Strawberry season is in full force at the farmers' market and fortunately this is corresponding with a bumper crop of thyme in the garden, time to put these both to good use. I came across a recipe for Oatmeal Tarts recently that were baked in a muffin tin. I thought they were worth a try since I am always on the look out for a portable breakfast or snack. These would also make a healthy addition as a summer dessert with an added drizzle of melted chocolate. Don't you think? This might look like a fussy time consuming recipe but trust me, it came together in about 45 minutes. I made the jam while the oatmeal cups were in the oven.
Oatmeal Cups with Strawberry Jam
Oatmeal cups adapted from Rainbow Nourishments
- 2 bananas or 1 cup mashed banana
- ½ cup dates, pitted (if they are hard and dry, soak them in water for 2 hours beforehand then drain)
- 1 ½ cup rolled oats
- 1 cup shredded coconut
- ½ cup crumbled walnuts (I used pistachios)
- ½ tsp ground cinnamon
- ½ cup ground nutmeg
- Pinch of salt
Preheat oven to 160 degrees. (300 degrees F)

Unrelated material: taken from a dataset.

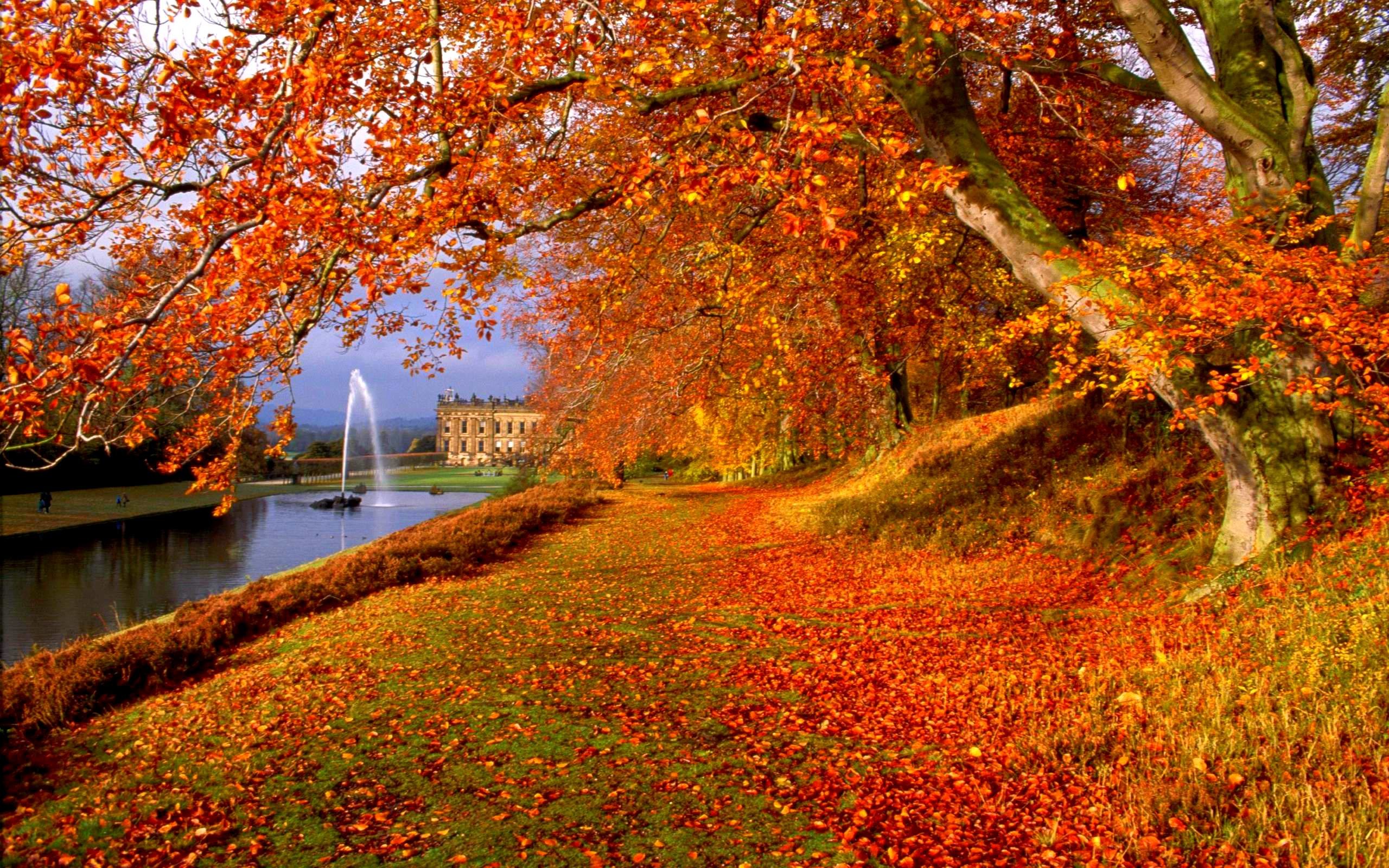 Detail Fall Background Images Free Nomer 54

Put banana and drained dates in a small food processor and whizz until combined. If you don't have a food processor, mash roughly with the back of a fork. Add all ingredients to a bowl and mix until combined.. Scoop mixture into silicon or non-stick cupcake tins and press gently against sides ensuring there is a thick layer of granola (about 1-1.5 cm thick)Bake in oven for 20-25 minutes or until the edges are golden-brown. Remove from oven then cool.
Store tarts in the fridge or freezer until ready to serve. Fill with 1 T of jam per cup. vanilla yogurt topped with pistachios was also good.
Strawberry & Thyme Jam
By Inspired by the Seasons
- 2 c strawberries, fresh or frozen cut into 1/2" pieces
- 1 1/2 T honey (more to taste, I like mine tart)
- 2 T lemon juice
- 3-5 sprigs of thyme, stems removed
Place all ingredients in a small sauce pan and bring to a boil, turn down to a simmer and stir frequently until it passes the spoon trail test, about 6-8 minutes. Remove from heat and transfer to a heat proof glass container to cool to room temperature on the counter. Any unused jam can be stored in the refrigerator.